Peabody Mayor Edward A. Bettencourt Jr. speak about the completion of the Peabody Square construction project. (Spenser Hasak)
Business, News

State, city, private business come together in Peabody Square

PEABODY -- For decades, Peabody Square has earned a reputation as a cut through to downtown Salem, the Northshore Mall, or routes 128 and I-95.

But that reputation is beginning to change, thanks to partnerships between city and state officials and private developers. The Peabody Square traffic reconfiguration is in the books, and the redevelopment of the O'Shea building on Main Street will see a popular restaurant moving to a new home.

Thursday afternoon, city officials welcomed Jay Ash, the state's Secretary of Housing and Economic Development, to celebrate the completion of the Peabody Square project. The project was supported by a $1.8 million Massworks Program grant that provided funding for infrastructure improvements such as new lighting, pedestrian crosswalks, and new outdoor dining space for restaurants to spur economic development and revitalize the downtown.
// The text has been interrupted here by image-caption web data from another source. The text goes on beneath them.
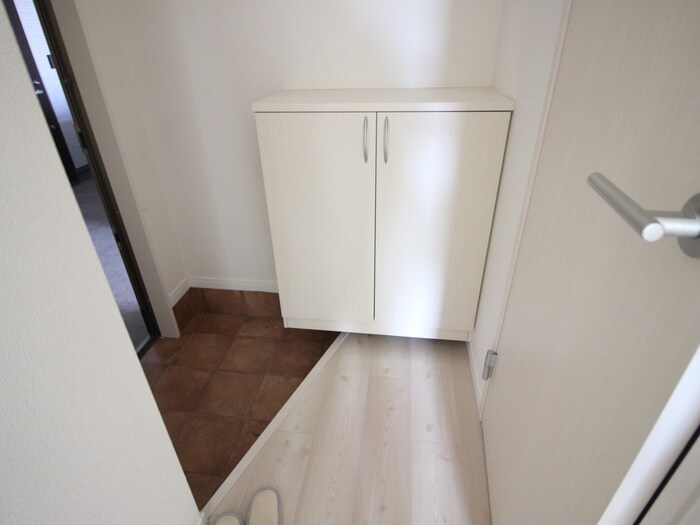 物件内観写真18　(玄関)
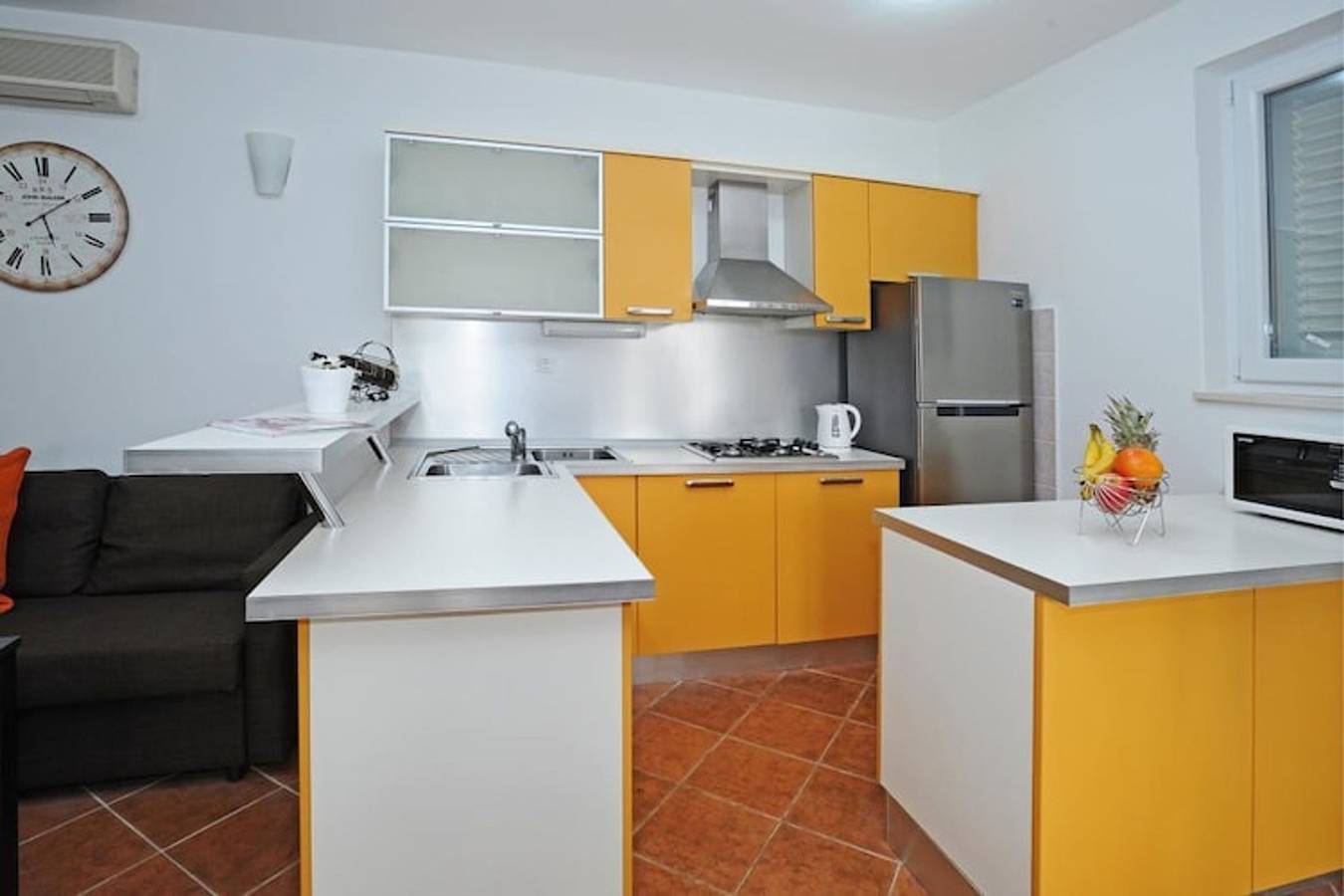 Holiday Home Odiseja- One Bedroom Apartment with Terrace and Sea View in Brsecine, Dubrovnik-Neretva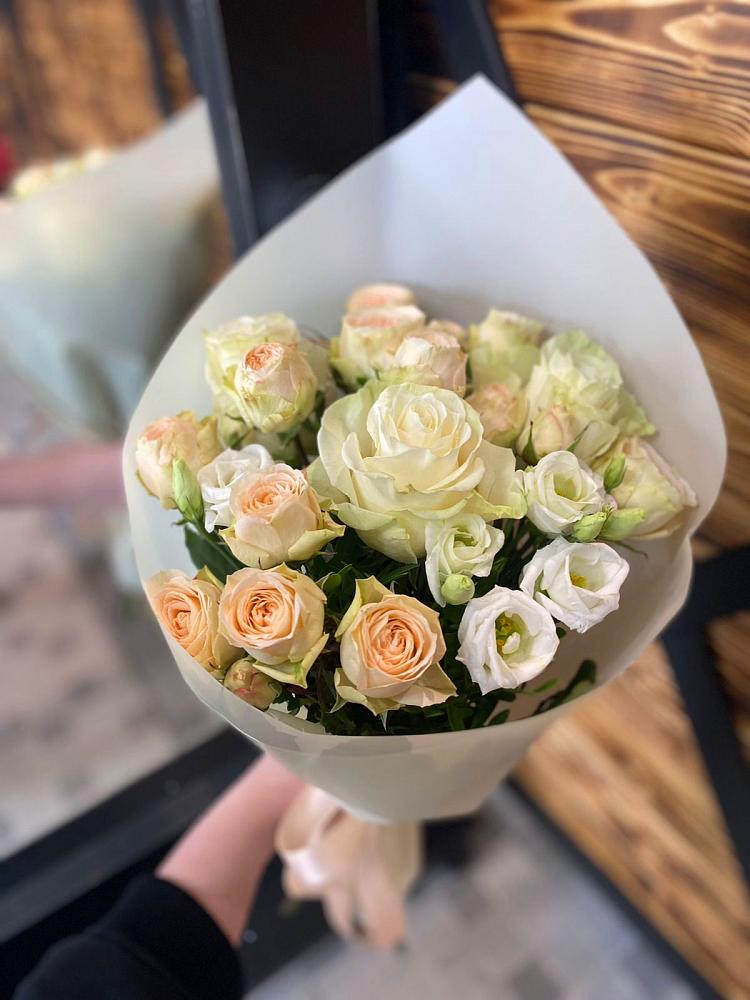 Букет цветов из: Розы и Лизиантусы в Нововоронино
"Our cities and towns understand the need to invest in their main streets and downtowns to capture economic potential and Peabody is making great strides to do so," Ash said. "We are committed to working with our local partners to pursue innovative strategies to help communities attract private investment, small businesses and new residents with programs that provide technical assistance and flexible resources."

The Peabody Square traffic reconfiguration project followed an earlier project in 2014 to ease the traffic flow on Main Street. In all, nearly $6 million has been invested to make the downtown a more desirable location for residents, developers, and commuters, said Mayor Edward A. Bettencourt Jr.

"This is one of the busiest roadways in the state, with nearly 30,000 vehicles traveling down it each day," Bettencourt said, standing near the intersection of Main, Central, Lowell, and Foster streets. "For a couple of decades, downtown Peabody has struggled with an identity as a cut through. Many people have envisioned a revitalized downtown Peabody, and I believed in the vision so much, that it is one of the primary reasons why I ran for mayor."

One of the biggest signs of renewed interest in the downtown is the development of the O'Shea building at the corner of Main and Foster streets. In the spring, Pat Todisco of Todisco properties bought the building at auction for just under $1.5 million with plans to bring a restaurant to the first floor and add more than 20 luxury apartments to the upper floors.

That restaurant will be familiar to Peabody diners, as Brodie's Pub is moving from its current location on Lowell Street to the renovated O'Shea property.

"I enjoy your burgers and look forward to having more legroom in your new restaurant," Ash told Brodie's owner Michael Votto.

State Representative Tom Walsh (D-Peabody) said the work downtown is a prime example of city and state leaders working together with the private sector.

"It can only get better from here; we're going to keep our sleeves rolled up and continue to move forward," Walsh said.